Online and mobile search engine

Theneeds is a search engine that features content tailored to users' interests, such as articles, news, videos, social posts, and other media.

Based in San Francisco, California, the company was founded in 2013 by former Accenture executives Gabriele Pansa and Luca Albertalli, together with former CS researcher and PhD Emanuele Cesena.

In early 2016, Shopkick, the most used real-world shopping app according to Nielsen, acquired the technology and team of Theneeds to support the company's personalization efforts.

==History==
The company was incorporated in the US in 2013 as Theneeds, Inc. by Gabriele Pansa as co-founder and CEO.

Theneeds’ website launched in Beta late 2013 and the company later released also its first mobile application for iPhone in March 2014.

In September 2014 the company surpassed 10 million pieces of content delivered by its proprietary discovery engine and in October 2014 announced the release of a major improvement of its content recommendation technology.

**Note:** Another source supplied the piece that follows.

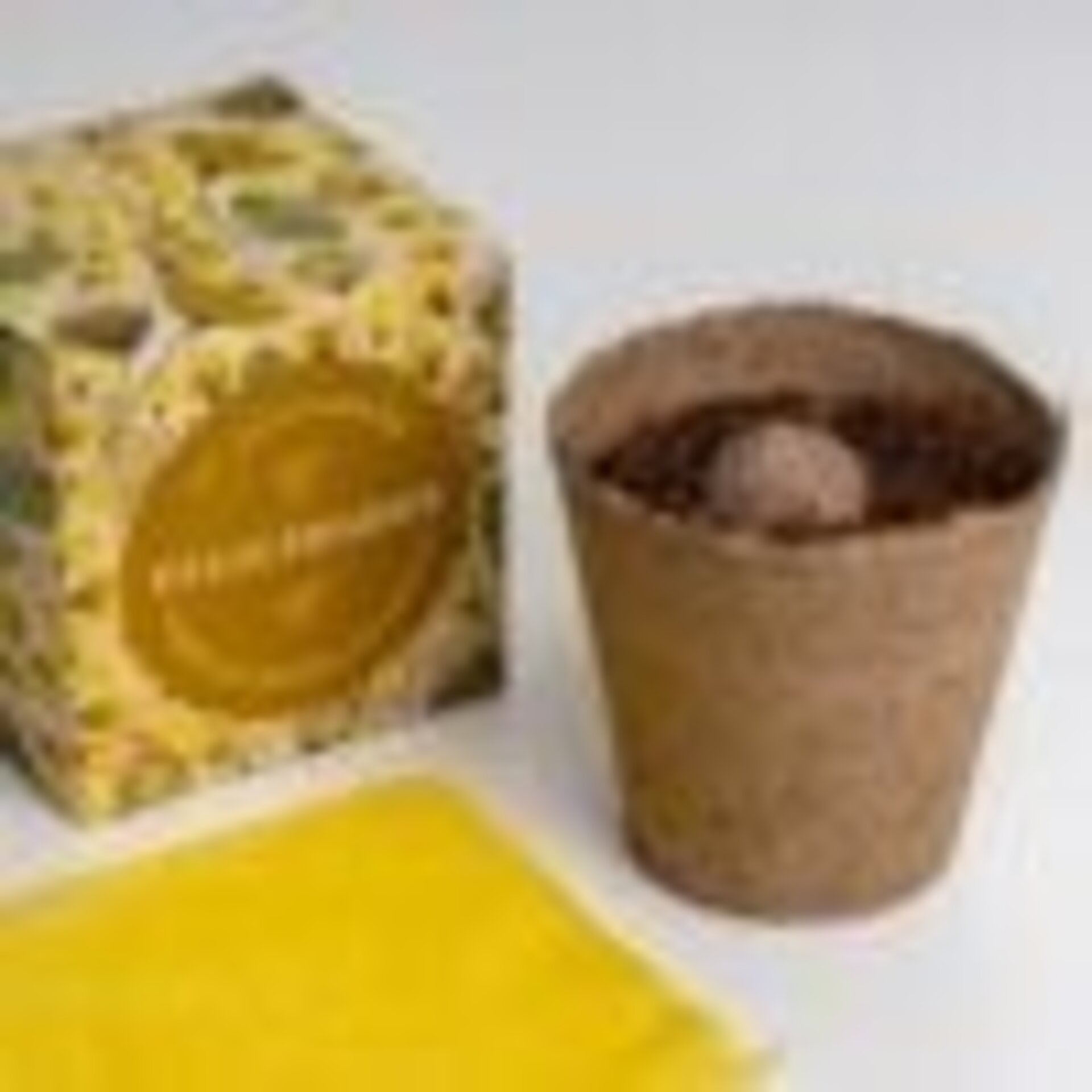 Kit autocultivo díselo con flores (Felicidades) - 4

Early 2016, Shopkick acquired Theneeds to support the company personalization efforts.

==Service==
Theneeds was designed to help users discover Internet content matching their interests, including news sites, blogs, and social networks, and uses an algorithm to match content to users' interests more closely the more they use it.

==Technology==
Theneeds’ proprietary technology is built using a mix of artificial intelligence and social signals. Theneeds creates specific thematic channels by collecting and analyzing web content, and employing Theneeds’ content relational graph along with proprietary and public social signals in order to rank and distill content. Through real-time user behavior analysis, Theneeds constantly maps the interests of each user to deliver personalized experiences and simplify content discovery.